━━ DATA TO EXAMINE ━━
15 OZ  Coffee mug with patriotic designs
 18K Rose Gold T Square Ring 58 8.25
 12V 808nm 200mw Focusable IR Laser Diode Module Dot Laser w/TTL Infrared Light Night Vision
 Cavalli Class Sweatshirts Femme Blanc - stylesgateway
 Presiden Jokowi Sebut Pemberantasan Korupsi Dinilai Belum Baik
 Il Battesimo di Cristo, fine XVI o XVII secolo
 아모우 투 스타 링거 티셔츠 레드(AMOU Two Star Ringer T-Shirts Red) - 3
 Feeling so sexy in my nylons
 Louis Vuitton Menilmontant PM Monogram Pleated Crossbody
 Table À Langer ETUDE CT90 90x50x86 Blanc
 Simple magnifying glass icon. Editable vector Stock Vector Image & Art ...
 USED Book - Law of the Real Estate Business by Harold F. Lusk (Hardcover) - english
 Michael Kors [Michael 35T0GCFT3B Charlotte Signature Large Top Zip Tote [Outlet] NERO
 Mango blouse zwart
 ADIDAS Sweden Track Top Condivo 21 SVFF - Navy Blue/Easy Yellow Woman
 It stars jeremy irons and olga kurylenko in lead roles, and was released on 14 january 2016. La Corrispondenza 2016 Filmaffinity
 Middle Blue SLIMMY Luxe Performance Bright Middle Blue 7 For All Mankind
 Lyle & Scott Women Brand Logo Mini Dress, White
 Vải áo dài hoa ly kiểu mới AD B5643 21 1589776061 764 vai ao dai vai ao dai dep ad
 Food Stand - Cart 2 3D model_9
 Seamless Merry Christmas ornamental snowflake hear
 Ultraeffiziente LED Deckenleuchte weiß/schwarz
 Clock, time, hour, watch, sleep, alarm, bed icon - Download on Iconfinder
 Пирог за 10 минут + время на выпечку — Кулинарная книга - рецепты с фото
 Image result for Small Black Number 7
━━━
**TASK TO COMPLETE**: Transcribe, exactly and without additions, the lines of the records above, beginning with the line that contains "12V 808nm 200mw" and ending with the line that contains "USED Book - Law", both included.

**OUTPUT**:
 12V 808nm 200mw Focusable IR Laser Diode Module Dot Laser w/TTL Infrared Light Night Vision
 Cavalli Class Sweatshirts Femme Blanc - stylesgateway
 Presiden Jokowi Sebut Pemberantasan Korupsi Dinilai Belum Baik
 Il Battesimo di Cristo, fine XVI o XVII secolo
 아모우 투 스타 링거 티셔츠 레드(AMOU Two Star Ringer T-Shirts Red) - 3
 Feeling so sexy in my nylons
 Louis Vuitton Menilmontant PM Monogram Pleated Crossbody
 Table À Langer ETUDE CT90 90x50x86 Blanc
 Simple magnifying glass icon. Editable vector Stock Vector Image & Art ...
 USED Book - Law of the Real Estate Business by Harold F. Lusk (Hardcover) - english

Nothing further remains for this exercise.